TASK TO COMPLETE:
Pictures do not belong in the copy; restate the records below word for word.

= = = = = = =

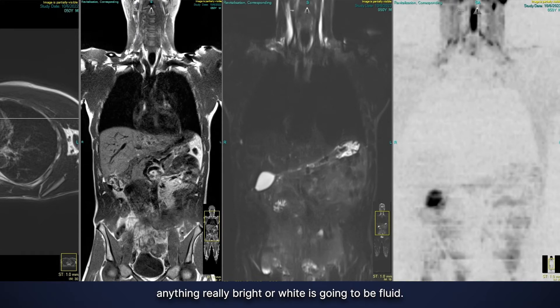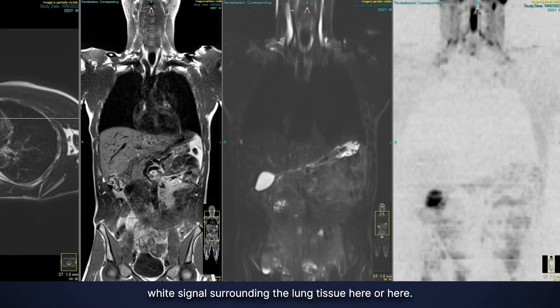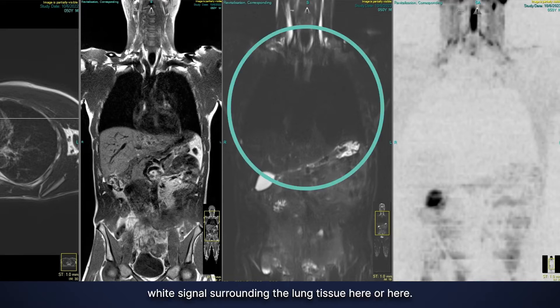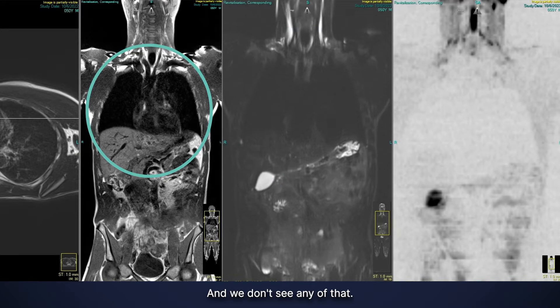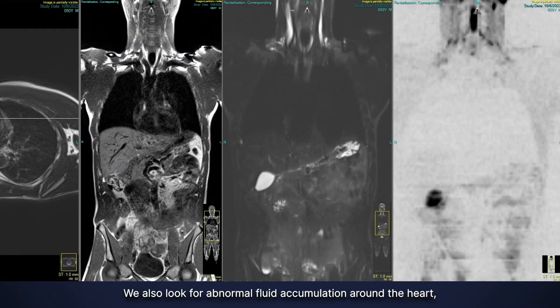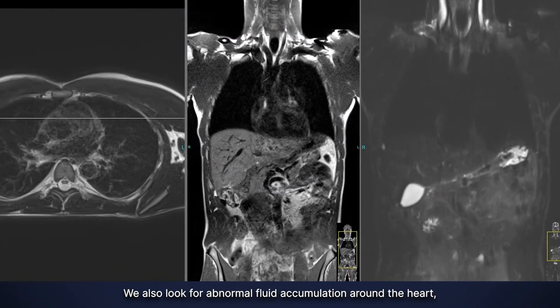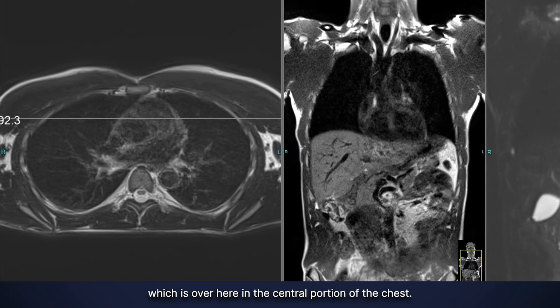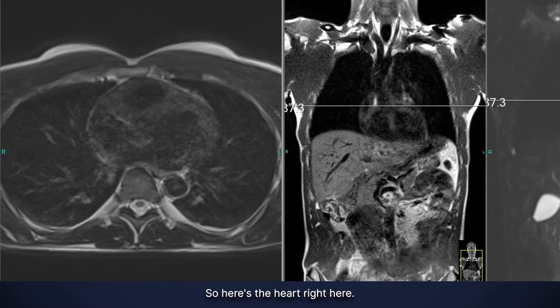So if we saw abnormal fluid around the lung, we would see that white signal surrounding the lung tissue here or here, and we don't see any of that. We also look for abnormal fluid accumulation around the heart, which is here in the central portion of the chest.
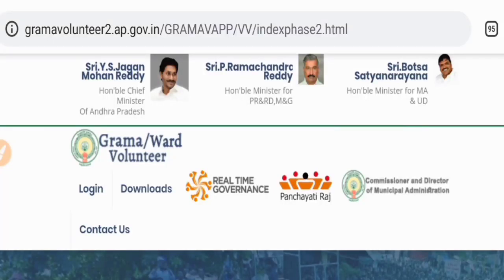Hi friends, welcome to APNUDDG Education. First, subscribe to our channel.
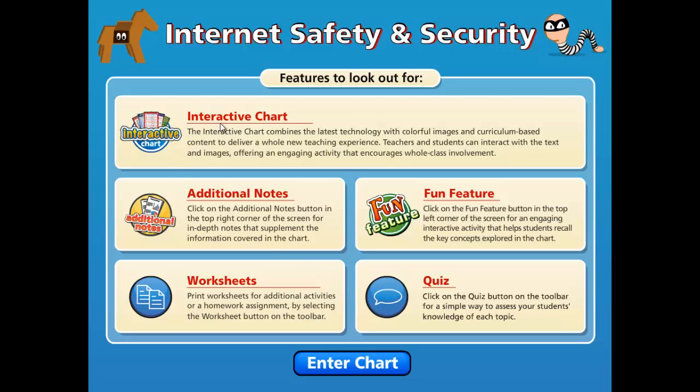All interactive charts have an interactive screen section, which is the presentation area. These are packed full of clear and concise curriculum-based content and colorful images to enthuse and engage students. The additional notes screen provides additional in-depth information that accompanies the text, images, and animation in the interactive charts.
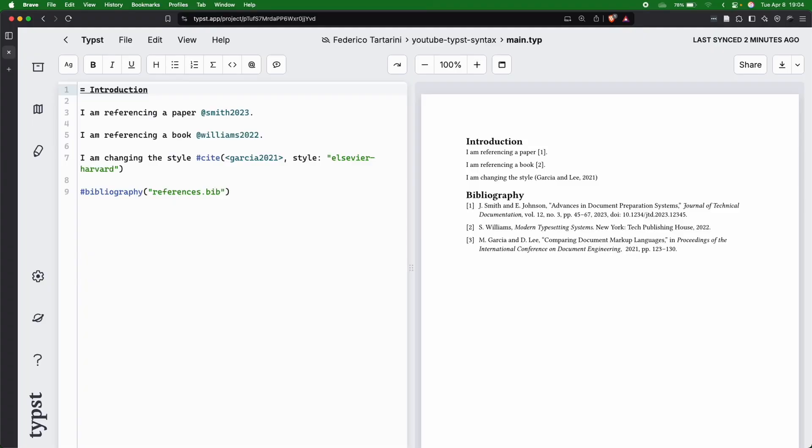Before we dive in, let's quickly discuss why Typst's citation system is worth getting excited about. First of all, it has native bibliography support. No external tools are needed.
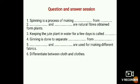Can we answer a few more questions? Spinning is a process of making yarn from fiber. Cotton and jute are natural fibers obtained from plants. Keeping the jute plant in water for a few days is called retting. Ginning is done to separate cotton seeds from fibers. Weaving and knitting are used for making fabrics.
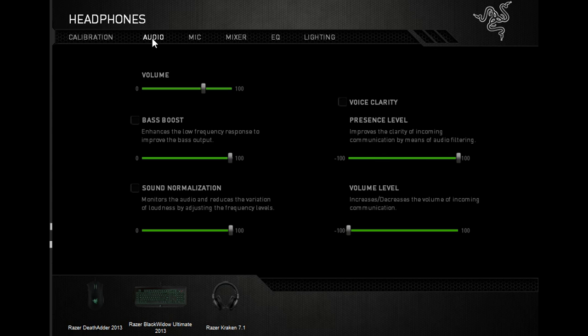I love the sound compared to my Gamecom 780s. The sound quality is just better. I like the Gamecom 780s—they're simple plug and play, nothing wrong with them, and they last forever.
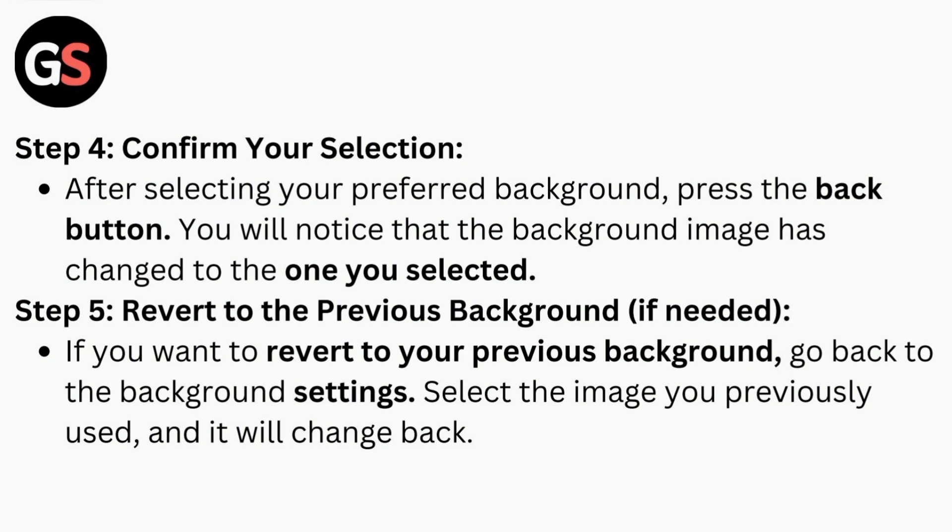Step 5: Revert to the previous background if needed. If you want to revert to your previous background, go back to the background settings. Select the image you previously used and it will change back.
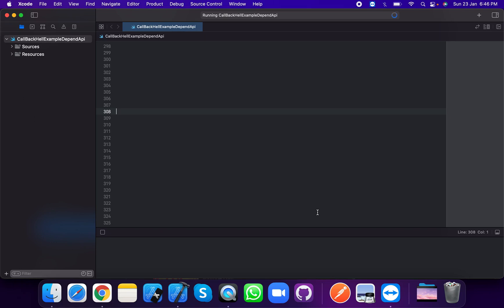Hi everyone, I am Risalas Sadi. Today let's talk about JSON encoder and JSON decoder. We will use the Codable protocol — Codable is combined from Encodable and Decodable protocols.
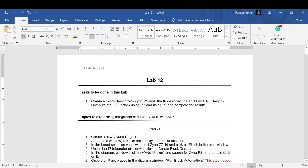Hello everyone, this is the video tutorial for Lab 12. In this lab we will be doing two tasks. This lab is an extension of Lab 11, where we created an AXI peripheral, computed a Q function, and packaged an IP. Our task now is to integrate that IP in our design and do a hardware-software co-design. We previously calculated the Q function using the PS — the ARM processor on the Zynq processing system.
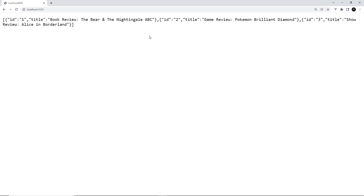This might seem like a lot of work just to preview code changes in the container right away, but two things to note: first, Docker Compose — which we're looking at next — makes this process much easier to manage. Second, this is just a small amount of extra setup to really take advantage of the many benefits Docker has to offer. Next up we'll see how to use Docker Compose, which makes it easier to run images and specify how they should be run, especially when you have multiple projects on the go.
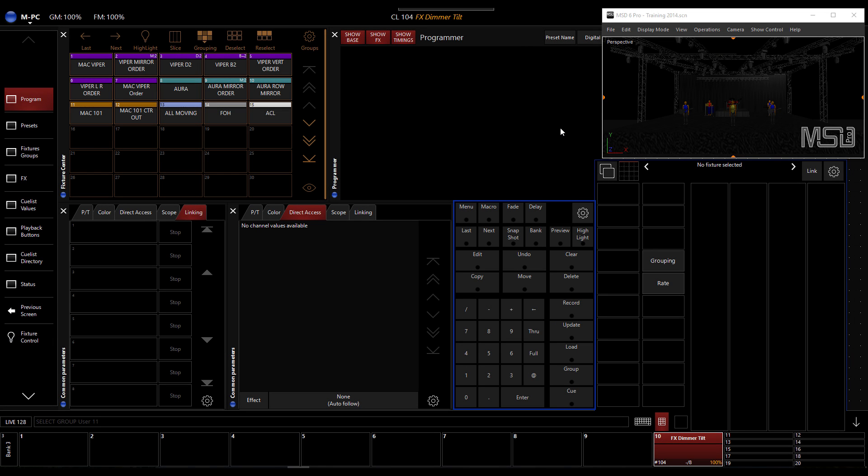Welcome to this tutorial on MPCs and M-Series. We will look at making an effect using the tilt and the dimmer synchronized together. So I'll show you how to do that.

= = = = = = =

EXERCISE RESPONSE:
So if we saw abnormal fluid around the lung, we would see that white signal surrounding the lung tissue here or here, and we don't see any of that. We also look for abnormal fluid accumulation around the heart, which is here in the central portion of the chest.
Hi friends, welcome to APNUDDG Education. First, subscribe to our channel.
All interactive charts have an interactive screen section, which is the presentation area. These are packed full of clear and concise curriculum-based content and colorful images to enthuse and engage students. The additional notes screen provides additional in-depth information that accompanies the text, images, and animation in the interactive charts.
Before we dive in, let's quickly discuss why Typst's citation system is worth getting excited about. First of all, it has native bibliography support. No external tools are needed.
Can we answer a few more questions? Spinning is a process of making yarn from fiber. Cotton and jute are natural fibers obtained from plants. Keeping the jute plant in water for a few days is called retting. Ginning is done to separate cotton seeds from fibers. Weaving and knitting are used for making fabrics.
I love the sound compared to my Gamecom 780s. The sound quality is just better. I like the Gamecom 780s—they're simple plug and play, nothing wrong with them, and they last forever.
Step 5: Revert to the previous background if needed. If you want to revert to your previous background, go back to the background settings. Select the image you previously used and it will change back.
Hi everyone, I am Risalas Sadi. Today let's talk about JSON encoder and JSON decoder. We will use the Codable protocol — Codable is combined from Encodable and Decodable protocols.
Hello everyone, this is the video tutorial for Lab 12. In this lab we will be doing two tasks. This lab is an extension of Lab 11, where we created an AXI peripheral, computed a Q function, and packaged an IP. Our task now is to integrate that IP in our design and do a hardware-software co-design. We previously calculated the Q function using the PS — the ARM processor on the Zynq processing system.
This might seem like a lot of work just to preview code changes in the container right away, but two things to note: first, Docker Compose — which we're looking at next — makes this process much easier to manage. Second, this is just a small amount of extra setup to really take advantage of the many benefits Docker has to offer. Next up we'll see how to use Docker Compose, which makes it easier to run images and specify how they should be run, especially when you have multiple projects on the go.
Welcome to this tutorial on MPCs and M-Series. We will look at making an effect using the tilt and the dimmer synchronized together. So I'll show you how to do that.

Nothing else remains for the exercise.